- Opening Delimiter -

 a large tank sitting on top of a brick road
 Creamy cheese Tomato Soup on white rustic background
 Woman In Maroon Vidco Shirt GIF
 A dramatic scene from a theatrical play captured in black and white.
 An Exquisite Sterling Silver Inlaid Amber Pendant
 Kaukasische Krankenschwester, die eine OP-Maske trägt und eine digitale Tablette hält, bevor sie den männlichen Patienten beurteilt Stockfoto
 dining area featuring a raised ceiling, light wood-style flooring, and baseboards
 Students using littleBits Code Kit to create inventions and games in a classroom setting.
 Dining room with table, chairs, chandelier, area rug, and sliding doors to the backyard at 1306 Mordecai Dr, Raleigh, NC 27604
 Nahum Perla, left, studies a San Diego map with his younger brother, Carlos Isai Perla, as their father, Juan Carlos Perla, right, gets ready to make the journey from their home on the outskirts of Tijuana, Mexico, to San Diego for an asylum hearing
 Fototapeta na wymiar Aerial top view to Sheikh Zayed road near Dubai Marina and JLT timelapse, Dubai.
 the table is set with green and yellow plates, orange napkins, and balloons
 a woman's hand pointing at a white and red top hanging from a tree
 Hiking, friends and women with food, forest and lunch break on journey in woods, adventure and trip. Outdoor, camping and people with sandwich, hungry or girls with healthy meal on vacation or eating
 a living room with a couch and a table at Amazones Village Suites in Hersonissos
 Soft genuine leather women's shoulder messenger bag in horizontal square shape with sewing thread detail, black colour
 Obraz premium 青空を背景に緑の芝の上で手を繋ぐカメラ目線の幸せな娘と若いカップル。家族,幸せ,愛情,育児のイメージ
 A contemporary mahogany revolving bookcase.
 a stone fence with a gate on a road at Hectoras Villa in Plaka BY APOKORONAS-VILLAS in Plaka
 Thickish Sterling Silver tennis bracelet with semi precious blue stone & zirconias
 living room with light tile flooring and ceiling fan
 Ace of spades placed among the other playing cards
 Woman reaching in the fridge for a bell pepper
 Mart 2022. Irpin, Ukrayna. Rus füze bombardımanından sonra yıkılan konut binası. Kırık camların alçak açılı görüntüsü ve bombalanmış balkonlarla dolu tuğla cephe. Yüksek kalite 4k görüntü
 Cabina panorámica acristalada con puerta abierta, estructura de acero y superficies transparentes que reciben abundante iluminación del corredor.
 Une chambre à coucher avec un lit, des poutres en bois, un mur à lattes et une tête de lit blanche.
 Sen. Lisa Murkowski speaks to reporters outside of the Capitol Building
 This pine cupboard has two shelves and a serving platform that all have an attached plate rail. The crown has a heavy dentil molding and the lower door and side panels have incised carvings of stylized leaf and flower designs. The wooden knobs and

- Closing Delimiter -

- **ABOUT THIS TASK**:
Reproduce the records above with every character intact.

- **TASK RESPONSE**:
 a large tank sitting on top of a brick road
 Creamy cheese Tomato Soup on white rustic background
 Woman In Maroon Vidco Shirt GIF
 A dramatic scene from a theatrical play captured in black and white.
 An Exquisite Sterling Silver Inlaid Amber Pendant
 Kaukasische Krankenschwester, die eine OP-Maske trägt und eine digitale Tablette hält, bevor sie den männlichen Patienten beurteilt Stockfoto
 dining area featuring a raised ceiling, light wood-style flooring, and baseboards
 Students using littleBits Code Kit to create inventions and games in a classroom setting.
 Dining room with table, chairs, chandelier, area rug, and sliding doors to the backyard at 1306 Mordecai Dr, Raleigh, NC 27604
 Nahum Perla, left, studies a San Diego map with his younger brother, Carlos Isai Perla, as their father, Juan Carlos Perla, right, gets ready to make the journey from their home on the outskirts of Tijuana, Mexico, to San Diego for an asylum hearing
 Fototapeta na wymiar Aerial top view to Sheikh Zayed road near Dubai Marina and JLT timelapse, Dubai.
 the table is set with green and yellow plates, orange napkins, and balloons
 a woman's hand pointing at a white and red top hanging from a tree
 Hiking, friends and women with food, forest and lunch break on journey in woods, adventure and trip. Outdoor, camping and people with sandwich, hungry or girls with healthy meal on vacation or eating
 a living room with a couch and a table at Amazones Village Suites in Hersonissos
 Soft genuine leather women's shoulder messenger bag in horizontal square shape with sewing thread detail, black colour
 Obraz premium 青空を背景に緑の芝の上で手を繋ぐカメラ目線の幸せな娘と若いカップル。家族,幸せ,愛情,育児のイメージ
 A contemporary mahogany revolving bookcase.
 a stone fence with a gate on a road at Hectoras Villa in Plaka BY APOKORONAS-VILLAS in Plaka
 Thickish Sterling Silver tennis bracelet with semi precious blue stone & zirconias
 living room with light tile flooring and ceiling fan
 Ace of spades placed among the other playing cards
 Woman reaching in the fridge for a bell pepper
 Mart 2022. Irpin, Ukrayna. Rus füze bombardımanından sonra yıkılan konut binası. Kırık camların alçak açılı görüntüsü ve bombalanmış balkonlarla dolu tuğla cephe. Yüksek kalite 4k görüntü
 Cabina panorámica acristalada con puerta abierta, estructura de acero y superficies transparentes que reciben abundante iluminación del corredor.
 Une chambre à coucher avec un lit, des poutres en bois, un mur à lattes et une tête de lit blanche.
 Sen. Lisa Murkowski speaks to reporters outside of the Capitol Building
 This pine cupboard has two shelves and a serving platform that all have an attached plate rail. The crown has a heavy dentil molding and the lower door and side panels have incised carvings of stylized leaf and flower designs. The wooden knobs and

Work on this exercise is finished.